No quesito estilo, Dave Rastovich ganhou grande visibilidade no filme Blue Horizon onde fazia uma comparativa com Andy Irons e o surf de competição.

A primeira década do século XI foi uma continuação do que já estava acontecendo, com mais aéreos e malabarismos, mas agora com uma vertente bem definida de uma nova modalidade no free surf, com toda ênfase na diversão, com a “volta” com peso no longboard clássico e das pranchas fish.

Nomes como Alex Knost e Michael February começaram a ganhar destaque com um surfe totalmente fora dos padrões dos campeonatos, de forma mais veloz e fluida com ataques mais arredondados na onda.

Destaque para Mike Feb que chegou a competir contra maiores da cena, já em 2018, mas logo preferiu permanecer apenas com o free surf sendo portador de um dos melhores estilos da atualidade.

Os anos 2000 tem sido recheados de saudosismo com pranchas inspiradas nos modelos clássicos, saindo aos montes das fábricas ao redor do mundo com muitos adeptos no Japão, Europa, sem falar no berço que é a Califórnia e a Américas em geral, o que está
trazendo muita alegria para quem se afundou nas estreitas pranchinhas dos anos 90 e 2000.

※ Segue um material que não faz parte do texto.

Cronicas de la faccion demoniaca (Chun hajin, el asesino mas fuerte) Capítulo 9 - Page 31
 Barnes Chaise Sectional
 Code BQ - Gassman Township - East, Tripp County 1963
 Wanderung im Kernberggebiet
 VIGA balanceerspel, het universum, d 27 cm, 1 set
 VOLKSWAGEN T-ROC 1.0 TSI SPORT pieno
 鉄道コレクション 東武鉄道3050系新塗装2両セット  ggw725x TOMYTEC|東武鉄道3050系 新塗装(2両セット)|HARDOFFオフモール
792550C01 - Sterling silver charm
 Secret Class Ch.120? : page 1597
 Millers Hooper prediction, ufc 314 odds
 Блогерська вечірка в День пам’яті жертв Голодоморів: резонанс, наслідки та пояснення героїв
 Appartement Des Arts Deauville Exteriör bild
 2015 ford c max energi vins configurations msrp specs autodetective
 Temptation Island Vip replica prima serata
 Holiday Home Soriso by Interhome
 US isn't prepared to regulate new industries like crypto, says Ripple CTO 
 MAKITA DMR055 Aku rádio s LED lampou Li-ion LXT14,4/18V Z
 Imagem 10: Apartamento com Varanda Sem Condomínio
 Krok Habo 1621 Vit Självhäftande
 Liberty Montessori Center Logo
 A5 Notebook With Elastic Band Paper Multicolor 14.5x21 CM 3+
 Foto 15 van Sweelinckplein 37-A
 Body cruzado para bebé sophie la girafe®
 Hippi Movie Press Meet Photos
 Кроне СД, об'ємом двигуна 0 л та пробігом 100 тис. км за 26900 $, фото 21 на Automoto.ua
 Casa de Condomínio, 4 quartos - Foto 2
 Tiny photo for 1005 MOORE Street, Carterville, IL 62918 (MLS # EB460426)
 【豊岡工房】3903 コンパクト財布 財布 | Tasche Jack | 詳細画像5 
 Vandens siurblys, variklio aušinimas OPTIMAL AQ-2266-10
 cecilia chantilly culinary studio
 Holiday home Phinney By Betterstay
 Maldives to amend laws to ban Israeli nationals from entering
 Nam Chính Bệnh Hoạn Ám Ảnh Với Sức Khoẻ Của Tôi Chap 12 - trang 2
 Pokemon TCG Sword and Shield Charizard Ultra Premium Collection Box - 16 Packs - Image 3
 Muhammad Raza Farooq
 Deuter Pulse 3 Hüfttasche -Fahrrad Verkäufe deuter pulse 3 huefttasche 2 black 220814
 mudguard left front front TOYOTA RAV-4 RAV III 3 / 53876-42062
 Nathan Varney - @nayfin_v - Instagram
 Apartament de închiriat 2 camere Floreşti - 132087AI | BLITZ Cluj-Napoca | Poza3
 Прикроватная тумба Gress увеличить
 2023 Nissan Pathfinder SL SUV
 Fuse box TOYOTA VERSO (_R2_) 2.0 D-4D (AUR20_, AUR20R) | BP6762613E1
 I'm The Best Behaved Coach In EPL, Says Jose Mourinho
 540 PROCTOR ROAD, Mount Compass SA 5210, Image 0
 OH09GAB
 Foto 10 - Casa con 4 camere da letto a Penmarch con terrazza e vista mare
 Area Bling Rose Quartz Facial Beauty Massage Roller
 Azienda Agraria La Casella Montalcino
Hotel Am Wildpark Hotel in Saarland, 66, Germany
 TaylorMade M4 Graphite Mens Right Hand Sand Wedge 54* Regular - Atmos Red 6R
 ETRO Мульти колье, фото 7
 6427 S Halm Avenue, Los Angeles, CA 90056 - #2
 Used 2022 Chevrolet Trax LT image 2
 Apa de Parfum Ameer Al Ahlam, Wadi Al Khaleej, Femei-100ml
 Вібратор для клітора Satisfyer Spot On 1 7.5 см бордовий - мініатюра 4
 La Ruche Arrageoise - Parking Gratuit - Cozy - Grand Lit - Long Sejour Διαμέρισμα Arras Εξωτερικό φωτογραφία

De um lado o “surf du soleil”, cheio de acrobacias de nível técnico estratosférico e de outro um surfe descompromissado e solto com um único intuito, a diversão. Os destaques aqui são para o bicampeão mundial de surfe Filipe Toledo com seu estilo polido, surfe plástico, agressivo e muito veloz.

Outro grande destaque dessa década é o free surfer Torren Martyn e seu surfe limpo,
simples, despretensioso mas com técnica e estilos apurados.

Da nova geração, os destaques são Oscar Langburne, surfista radical e cheio de estilo e Tosh Tudor, filho do mestre do longboard e amante da velha guarda, Joel Tudor.

Com isso, concluímos que a expressão “estilo é tudo” é um tanto exagerada nos dias
atuais, em que o surfe exige extrema capacidade motora, técnica e preparo físico de atleta, mas com toda certeza a consciência do próprio corpo e da hidrodinâmica podem fazer toda a diferença entre um surfe harmônico e um surfe desesperado, tentando buscar manobras e pontuando cada movimento como se tudo girasse em torno de uma competição.

Buscar surfar em diferentes equipamentos, alguns maiores, mais pesados e com menos quilhas podem abrir um novo horizonte e mostrar um leque de possibilidades que jamais enxergaríamos surfando sempre com o mesmo equipamento, simplesmente por que ele traz segurança. Surfe é conexão, expressão em movimento.